The libellant sued for the loss, and the respondent pleaded the clause as a defense; also a clause in limitation of liability which it is unnecessary to set forth at length. The District Judge thought that the libellant had failed to give seasonable notice, and dismissed the libel.
The language applicable to the loss of part of a consignment is this: “Before the removal of * * * such part of the Goods as are discharged from the vessel at the port of discharge.” Taken literally, this would mean, in case all the goods were discharged from the vessel, and some were later lost on the pier, that the notice need never be given, because all those discharged were never removed; and the clause would then cover only the ease of goods lost on board. Since it is ordinarily impossible to prove in the ease of lost goods, whether they were lost on board or after discharge, the clause would in practice usually be brutum fulmen. It is indeed true that the language of a bill of lading must be taken against the carrier, but it appears to us that the interpretation suggested would too plainly contradict its purpose. Therefore, we read the phrase, “discharged from the vessel,” as meaning, not that the goods have merely gone over the ship’s side to the wharf, but that they have beemdelivered to the shipper. Anything else, for the reasons just given, would upon most occasions delete it from the contract, and cannot be thought to be its meaning.

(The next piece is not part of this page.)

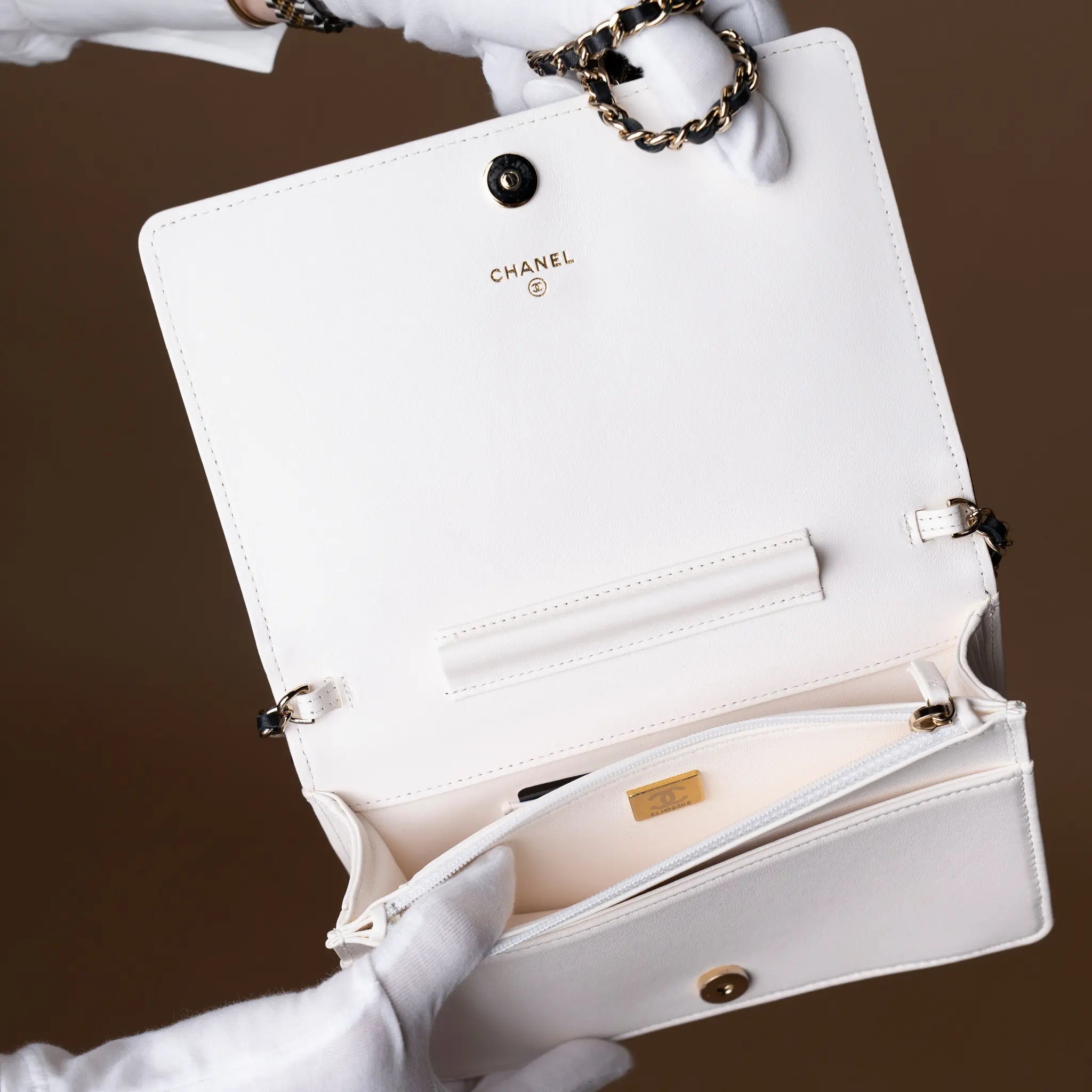 Chanel Quilted Lambskin Book Wallet On Chain — Interior Detail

However, while the clause is valid [Anchor Line, Ltd., v. Jackson,
Upon the issue as to whether timely notice has been given, the shipper has the burden of proof. Whatever may be thought of this as res integra, we at least are now too definitely committed to change. The General Geo. W. Goethals (C. C. A.)

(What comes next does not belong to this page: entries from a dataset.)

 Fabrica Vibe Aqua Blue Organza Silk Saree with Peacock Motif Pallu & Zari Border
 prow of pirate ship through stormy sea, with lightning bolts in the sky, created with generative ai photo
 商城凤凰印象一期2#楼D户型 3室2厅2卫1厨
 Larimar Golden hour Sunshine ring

When one says that there is a “shortage” in delivery, one means that some of the goods are lost, not merely mislaid. True, one may speak of something as lost which is merely missing at the moment, but actual loss is only when the search is given up, and the thing is accepted as gone. This seems to us the proper interpretation to put upon the clause in question. It would indeed be an unreasonable requirement that a shipper may not take the last of those things found, because he is told that so far, the remainder is not at hand. The time to make claim is only when the shortage has been ascertained; when the carrier admits that he cannot deliver. Not only does it not appear that this was not true on December twenty-second, but it affirmatively appears that the carrier had said nothing of the kind before December twenty-fourth, when the claim was made. Though, strictly, the claim was premature, that does not mar its effect. It seems to us that the libellant has borne the burden.

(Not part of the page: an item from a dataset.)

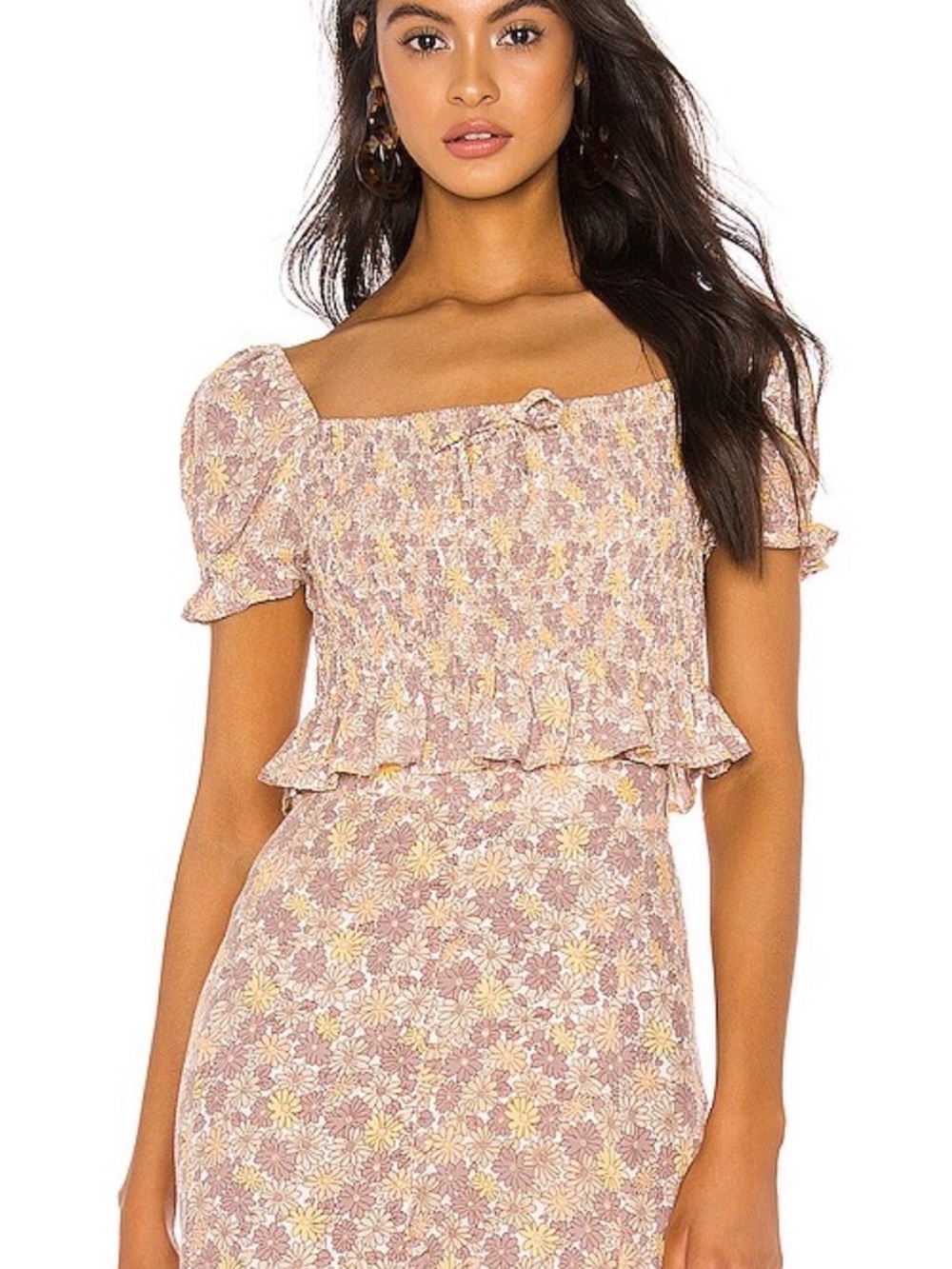 Faithfull the Brand Pink Floral Smocked Crop Top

The bill of lading limited the recovery to £20 on each package, unless some greater value was declared and the extra freight paid; it also contained a clause that the contract should be “governed by English law.” The British Carriage of Goods Act, § 6, art. Ill, provides that no clause in a bill of lading shall “lessen” the “liability” of the carrier except as the act allows, and section 5 of article IV may, arguendo, be assumed to forbid any limitation below £100 a package. As matter of interpretation of the document as a whole, we are to take the specific as prevailing over the general, and the £20 clause as paramount to these sections of the act. Had the bill been drawn in England this would not be enough; the validity of the clause would depend upon British law. In fact, it was drawn and delivered in Italy, and it is the law of that kingdom by which alone the question is to be decided ; that is, how far the agreement raised an obligation. Cuba R. R. Co. v. Crosby,
The difficulty here is that nobody has proved what was the law of Italy. Strictly, that might cut the whole ground from under the libellant’s feet; he must maintain that such a document raises some obligations; if not, he is forced back upon what can be implied from loading the goods on the “Berengaria” at Southampton. However, even though Italy is a country where we know the civil law to obtain, we are not bound to complete agnosticism. Compagnie, etc., v. Rivers,
We might indeed have to refuse to give effect to the clause, whatever the Italian law,, if we disapproved the result too much, but that question does not arise. The limitation, if made here, would have been valid. Lawrence Leather Co. v. Compagnie Generale Transatlantique,
Decree reversed and decree directed for the libellant for the equivalent of ¿40.